Dataset items:
▼
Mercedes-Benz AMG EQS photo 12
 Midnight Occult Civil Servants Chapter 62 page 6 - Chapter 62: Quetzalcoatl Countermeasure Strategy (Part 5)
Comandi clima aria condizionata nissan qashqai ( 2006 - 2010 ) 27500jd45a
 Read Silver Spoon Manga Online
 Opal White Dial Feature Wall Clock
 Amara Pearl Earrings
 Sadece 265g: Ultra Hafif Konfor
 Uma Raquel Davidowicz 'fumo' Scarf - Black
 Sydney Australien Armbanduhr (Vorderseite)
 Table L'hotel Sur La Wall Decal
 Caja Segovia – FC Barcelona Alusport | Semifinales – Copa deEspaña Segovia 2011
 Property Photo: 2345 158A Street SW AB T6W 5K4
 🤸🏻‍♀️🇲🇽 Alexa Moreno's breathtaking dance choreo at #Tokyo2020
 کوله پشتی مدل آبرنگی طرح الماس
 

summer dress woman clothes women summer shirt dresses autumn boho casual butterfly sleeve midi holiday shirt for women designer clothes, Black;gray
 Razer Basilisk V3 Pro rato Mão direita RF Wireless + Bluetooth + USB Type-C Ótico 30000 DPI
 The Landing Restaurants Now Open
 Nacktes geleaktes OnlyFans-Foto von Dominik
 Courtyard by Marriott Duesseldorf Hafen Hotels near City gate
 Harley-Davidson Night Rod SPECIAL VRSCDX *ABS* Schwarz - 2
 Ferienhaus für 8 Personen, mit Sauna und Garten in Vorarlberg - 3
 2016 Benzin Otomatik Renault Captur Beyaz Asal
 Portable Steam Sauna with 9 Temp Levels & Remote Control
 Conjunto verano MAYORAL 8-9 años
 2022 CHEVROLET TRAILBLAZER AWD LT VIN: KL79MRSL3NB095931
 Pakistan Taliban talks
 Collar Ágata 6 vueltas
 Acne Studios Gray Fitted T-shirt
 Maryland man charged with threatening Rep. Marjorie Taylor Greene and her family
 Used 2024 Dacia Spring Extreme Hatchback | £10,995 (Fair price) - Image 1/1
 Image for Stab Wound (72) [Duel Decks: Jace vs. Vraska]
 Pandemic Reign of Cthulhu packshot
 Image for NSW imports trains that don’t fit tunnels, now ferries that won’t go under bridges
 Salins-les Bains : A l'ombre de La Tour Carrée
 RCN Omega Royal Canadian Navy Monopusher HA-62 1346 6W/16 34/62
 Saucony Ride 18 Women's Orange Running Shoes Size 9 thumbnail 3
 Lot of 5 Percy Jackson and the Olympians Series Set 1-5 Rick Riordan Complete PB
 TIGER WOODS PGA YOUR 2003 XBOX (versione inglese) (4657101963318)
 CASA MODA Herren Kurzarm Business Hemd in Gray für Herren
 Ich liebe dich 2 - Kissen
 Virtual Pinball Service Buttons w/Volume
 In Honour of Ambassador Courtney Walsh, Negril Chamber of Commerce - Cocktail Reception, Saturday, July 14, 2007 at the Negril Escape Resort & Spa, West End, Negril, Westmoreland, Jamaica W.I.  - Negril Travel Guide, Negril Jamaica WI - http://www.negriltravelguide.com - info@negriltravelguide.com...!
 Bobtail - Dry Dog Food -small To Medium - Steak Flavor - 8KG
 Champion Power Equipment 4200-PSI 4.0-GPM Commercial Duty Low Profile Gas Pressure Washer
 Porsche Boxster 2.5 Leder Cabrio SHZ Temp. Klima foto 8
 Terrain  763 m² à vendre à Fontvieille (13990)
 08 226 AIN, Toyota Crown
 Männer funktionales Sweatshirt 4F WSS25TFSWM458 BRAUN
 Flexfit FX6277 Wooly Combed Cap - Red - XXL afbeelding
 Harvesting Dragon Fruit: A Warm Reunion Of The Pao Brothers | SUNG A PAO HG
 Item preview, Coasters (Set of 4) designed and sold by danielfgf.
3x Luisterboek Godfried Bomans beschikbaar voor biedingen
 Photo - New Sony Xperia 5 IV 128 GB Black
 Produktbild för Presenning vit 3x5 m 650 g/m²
▲
WHAT THE EXERCISE ASKS: Find all lines in the records that hold the word "Black". Copy them.

RESPONSE TO THE TASK:
 Uma Raquel Davidowicz 'fumo' Scarf - Black
summer dress woman clothes women summer shirt dresses autumn boho casual butterfly sleeve midi holiday shirt for women designer clothes, Black;gray
 Photo - New Sony Xperia 5 IV 128 GB Black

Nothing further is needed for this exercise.